Dominique Greiner, rédacteur en chef à La Croix et théologien.

Pour leur session 2018, les Semaines sociales de France ont choisi de prendre un temps d’arrêt pour envisager leur avenir. Or pour se projeter vers le futur, il est toujours bon de savoir d’où l’on vient. Le passage par l’histoire nous permet notamment de découvrir les ressources – philosophiques, théologiques, spirituelles… – qu’ont mobilisées ceux et celles qui nous ont précédés dans la foi pour faire face aux défis de leur temps. C’est dans cette perspective que je me suis intéressé à l’histoire des Semaines sociales pour essayer de comprendre les intuitions et les motivations de leurs fondateurs, comme leur enracinement spirituel. Je me suis donc plongé dans les décennies qui ont vu l’émergence du catholicisme social et je me suis laissé surprendre par la vitalité de ce mouvement porté avec foi par de nombreux laïcs sensibles à la question sociale [1].

ans le temps qui m’est imparti, je me contenterai de relever quelques traits de cette histoire qui peuvent stimuler l’imagination pour inventer l’avenir des Semaines sociales de France. Je commencerai par redire quelques éléments du contexte politique, social, économique, mais aussi ecclésial dans lequel elles sont nées (section 1). Je dirai ensuite l’originalité de leur démarche (section 2). Je poursuivrai avec quelques considérations sur le mouvement spirituel qui en est à l’origine (section 3). Je terminerai par quelques propositions pour l’avenir.

I – Un monde qui passe

Lorsque se tient la première session des Semaines sociales en 1904, nous sommes à quelques mois de la loi de 1905 de séparation de l’État et des Églises, quelques jours après la suspension des relations entre la France et le Saint-Siège sur fond de guerre scolaire, un an après l’expulsion des religieux en conséquence de la loi du 1er juillet 1901 sur les associations qui soumet les congrégations à un régime d’exception. Il faut remonter plus haut dans le siècle pour comprendre ce contexte général qui va aussi déterminer le projet et la méthode des Semaines sociales.

L’Église est sortie très affaiblie de la Révolution française et de ses contrecoups. Au XIXe siècle, elle cherche à retrouver une influence dans la société, à travers la formation d’une élite chrétienne.

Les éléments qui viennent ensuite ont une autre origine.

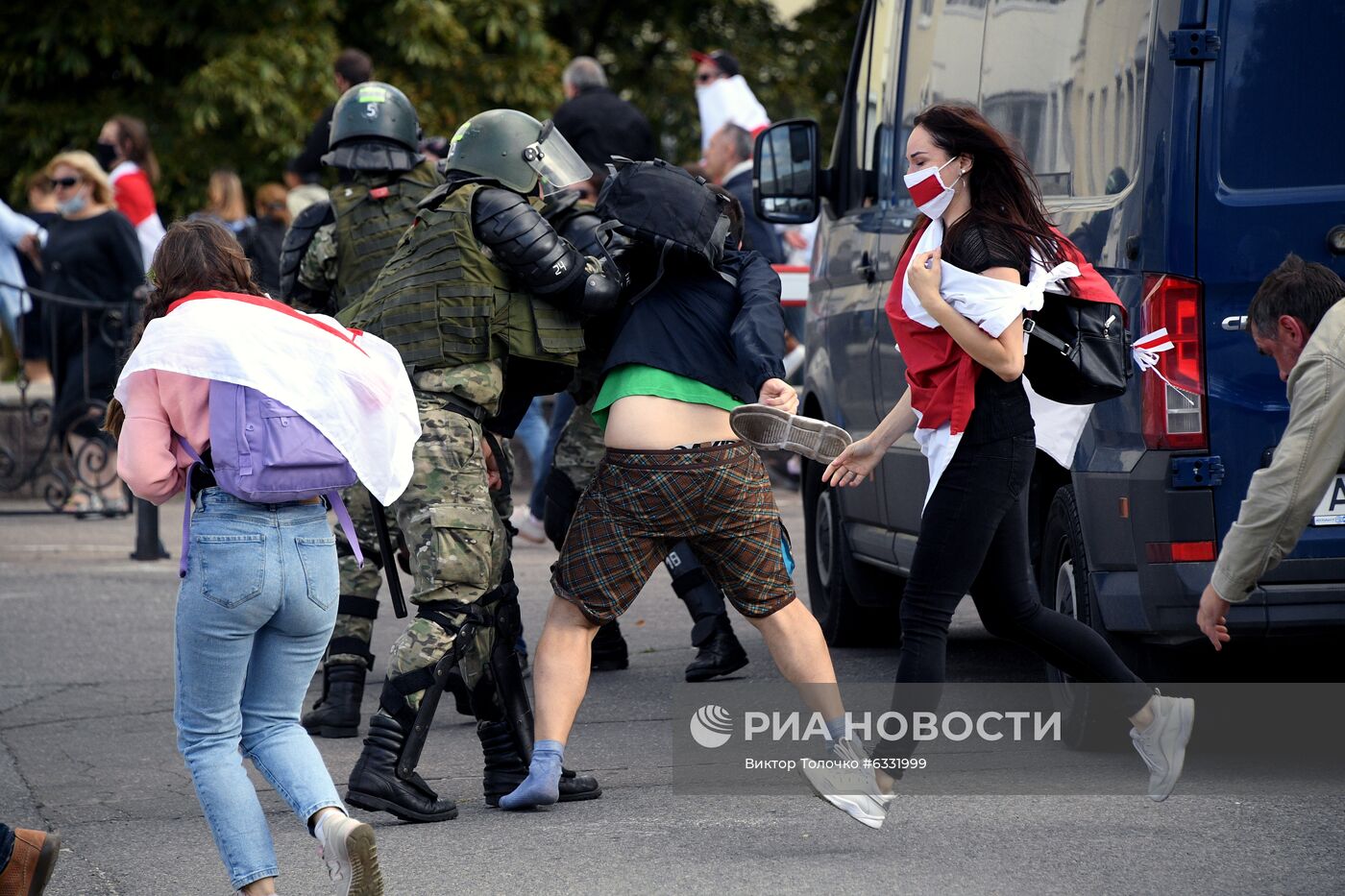 Несанкционированная акция оппозиции в Минске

Mais le projet de « régénération catholique » ne rencontre pas le succès escompté. En effet, l’Église n’est guère équipée pour répondre aux défis d’un monde qui connaît des bouleversements majeurs sur le plan international (guerres napoléoniennes, guerres coloniales, guerre de 1870, perte des États pontificaux en 1870), politique (montée de l’idéal démocratique, libertés nouvelles par exemple en matière de presse), technique (progrès scientifique, machinisme…), économique et social (apparition des nouvelles formes de la propriété privée et publique, de nouvelles techniques de diffusion de la pensée, exode rural vers les vers les grands centres de production, fragilisation des solidarités sociales et familiales, sans parler des conditions de vie et de travail parfois déplorables…).

[…]

  1. La « question sociale » est une expression historique qui désigne la crise des relations entre capitalistes et prolétaires à la suite de la révolution industrielle de la fin du XVIIIe et du début du XIXe siècle.